Often we will be dealing with text; short or long, and often we only want to find out the important keywords of said text. As with most things, there are several algorithms out there that you could use for this. A common one that you’ve likely even used before is TF-IDF, but there are others like the RAKE algorithm that can perform very well. The crucial step in any of these keyword algorithms is to spend time carefully cleaning and preparing your data in order to pull out the keywords that really matter to that text.
For this tutorial, we will use TF-IDF. Sure, there are many other more complicated algorithms out there, but I always find that understanding and working through the simplest algorithms first can provide us with a wealth of knowledge before diving into more complicated adventures. TF-IDF will help us pull out terms that are undervalued aka, important keywords.
In a nutshell, these are the steps you’d need to take in order to perform a keyword extraction:
- Clean your text (remove punctuations and stop words)
- Remove stop-words
- Remove common and uncommon words
- Tokenize the text
- Stem the tokens
- Apply algorithm of choice
- Rank terms
For this tutorial we will a dataset containing 11,000 amendments made to the USA constitution between 1788 – 2014. The data lives here.

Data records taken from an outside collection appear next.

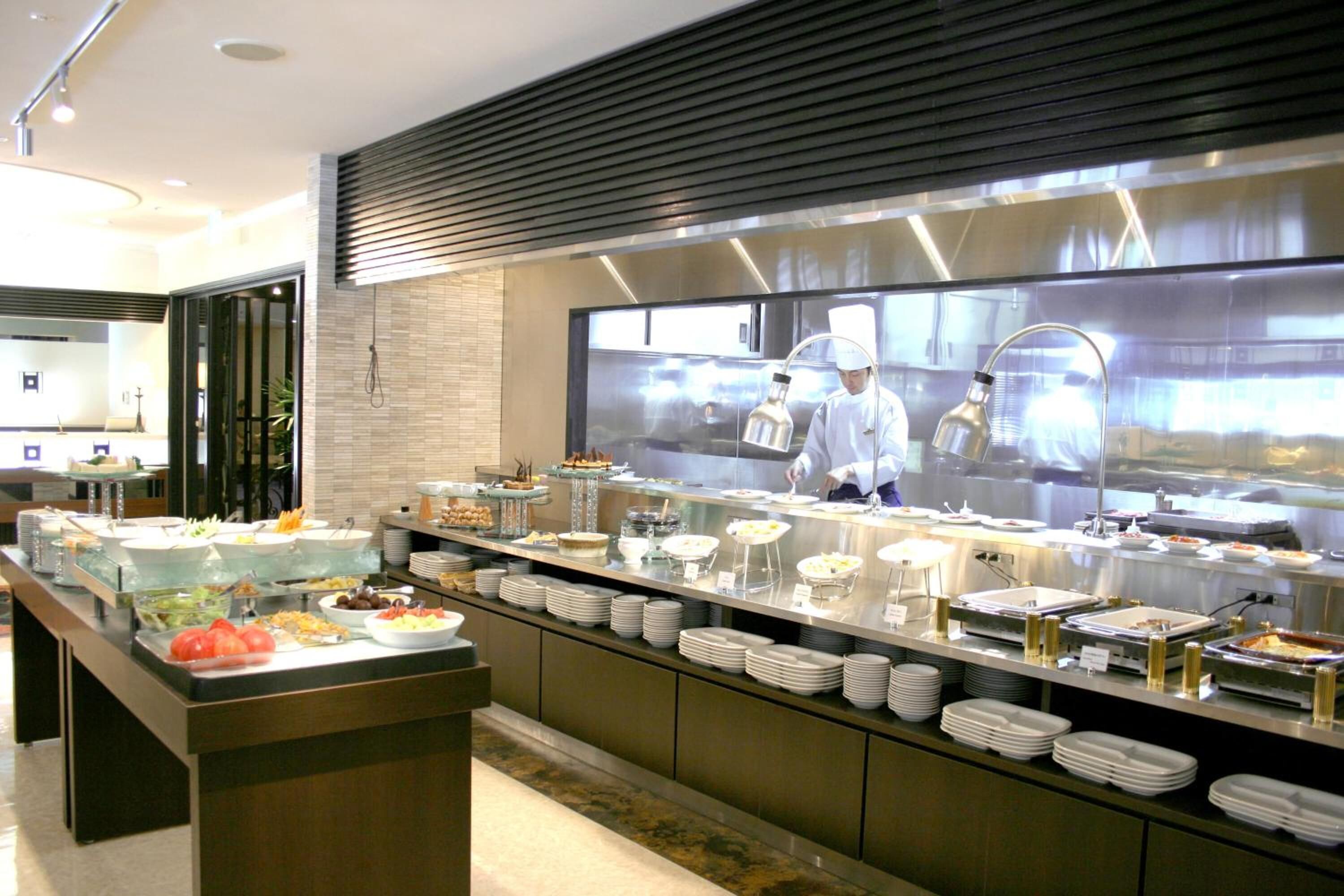 3 restaurants, breakfast, lunch, dinner served; japanese cuisine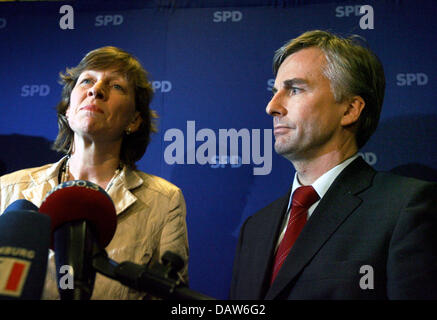 SPD-Hamburg vice-présidente, Dorothee Stapelfeldt et SPD-Hamburg président Mathias Petersen (R) parler aux journalistes après une réunion de crise du parti à Hambourg, Allemagne, tôt mercredi matin, 28 février 2007. Le SPD de Hambourg a démissionné après près de 1000 votes ont été perdus lors d'un vote interne du parti SPD sur le prochain candidat pour les prochaines élections parlementaires de Hambourg. Banque D'Images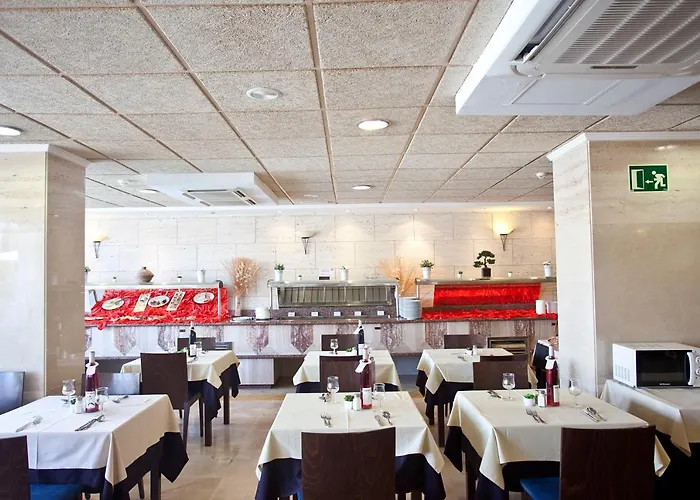 Fergus Paraiso - Adults Only Отель 3*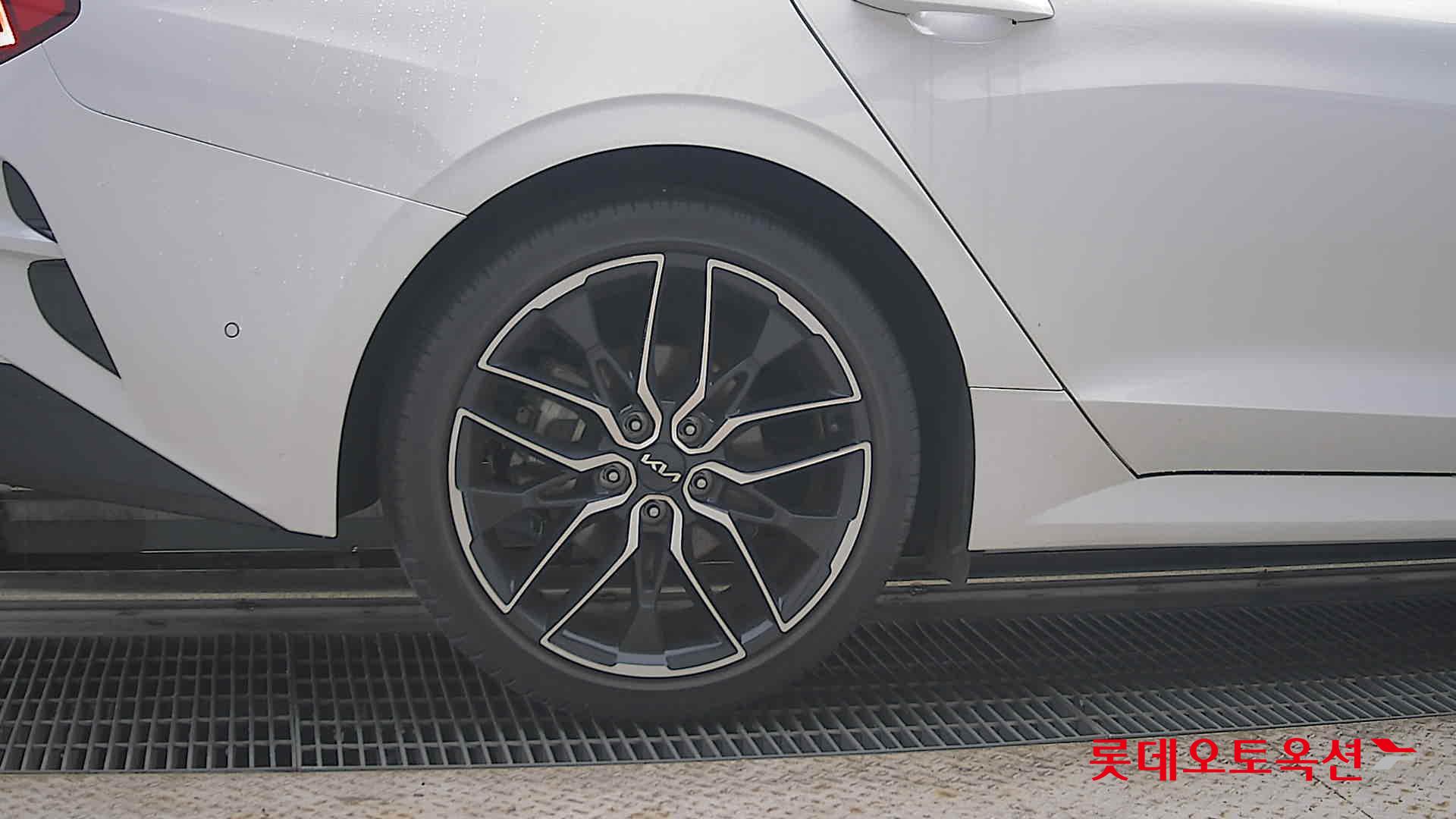 2022 - kia k5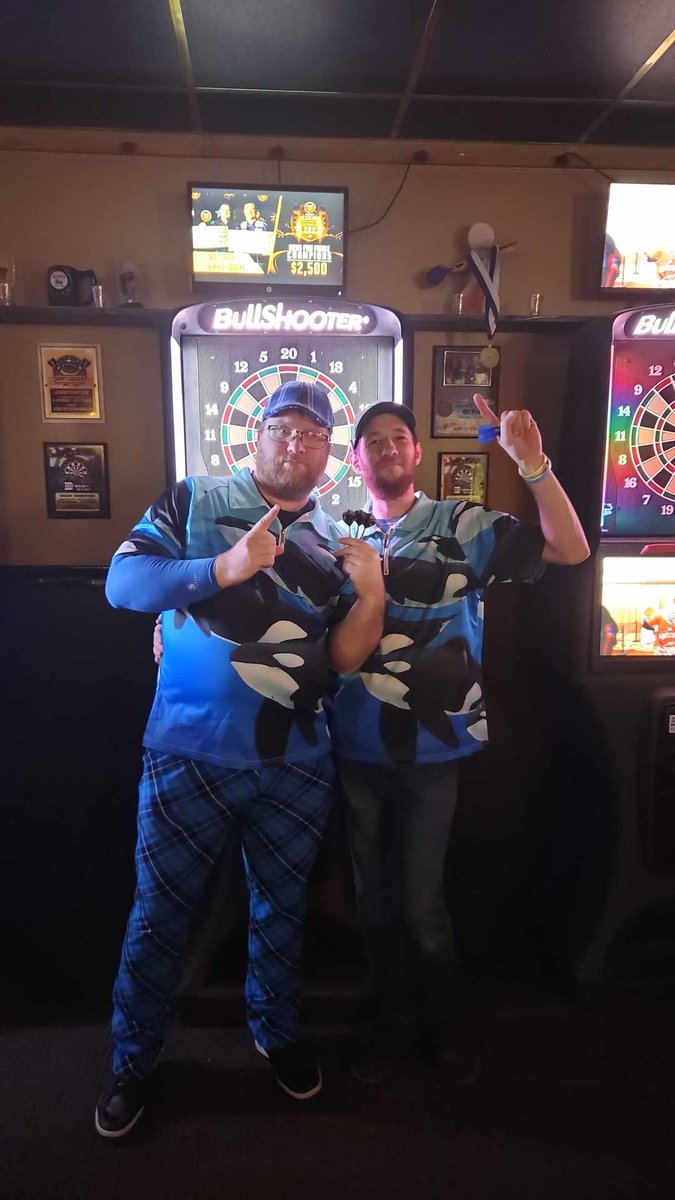 Met at a tournament 6 years ago. Became friends. Started throwing Doubles together 3 years ago. Always had fun, always improving. Tonight, we finished 1st in our division in Monday Doubles League. Hell of a ride. Let's keep this shit rollin'...

#OffKilter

Let’s now look at these steps in more detail.
First, let’s try to understand what TF-IDF is and how it works. In quick terms tf-idf is the product of the term frequency and the inverse document frequency. The term frequency measure how frequently a word or term occurs in a given document. Because every document is of different lengths said term can appear multiple times in a given document. This then can cause unneeded bias towards a word just because it appears 20 times in one document. To deal with this, we first consider documents to be bag of words – where word order does not matter – and we bring in the inverse term frequency to punish these words. Mainly, just because a term appears 30 times it does not mean that it is 30 times more relevant. If you take anything from this post, let it be that keyword relevancy is not proportional to frequency.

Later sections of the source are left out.